North Atlantic Cloud • Joe Forkan 2010 oil on gessoed paper 7.5 x 11.5

The sea cliffs were stunning, often with drops of hundreds of feet to the ocean, and the bogs (where peat is cut for heating and bog cotton grows in the summer), reminded me of the tundra in Alaska. Viewed from a distance, the yellow/brown colors and low growth on the bogs gave a look closer to parts of the desert southwest in the US than I would have expected.

Many places I painted are on private land, but are open for hiking (or painting) as part of a system of Looped Walks throughout Ireland.

It is quite a transition to go from the population density of southern California to areas that I was able to explore in Mayo, where often I would not see another person on a three or four hour hike through areas of absolutely stunning beauty.
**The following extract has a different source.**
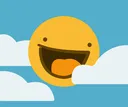 PartiallyCloudlander PartiallyCloudlander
Many days while working near the Atlantic, where the wind is strongest, I made drawings or took notes. Other days I struggled against the wind with my easel on the cliff edges, beach rocks or bog. It’s a tough way to work, but a spectacular place to attempt it.

Here are a few of the paintings. I will be posting more later to my regular web site.

Downpour • Joe Forkan 2010 oil on gessoed paper 11.75 x 5.5

Neither here nor there…


Painting the Sea Cliffs near Ballycastle, June, 2010

My residency at the Ballinglen Arts Foundation in Ireland has come to an end.

I was lucky to be in Ireland for a very temperate summer, and was outside nearly every day painting, exploring, or both. With daylight lasting from 4:30am until 11:00pm, there was plenty of time to work and enjoy being in such an amazing place.

I had planned on posting paintings to the site while in Ballycastle, but decided I’d rather be wandering around Ireland than staring into a computer screen.

I’ll put some work up soon.

(I finally got to see Caravaggio’s The Taking of Christ, which was in Rome when I arrived in Dublin. It is now back at the National Gallery. It was great to see it in person, especially after basing one of the Lebowski paintings on it.)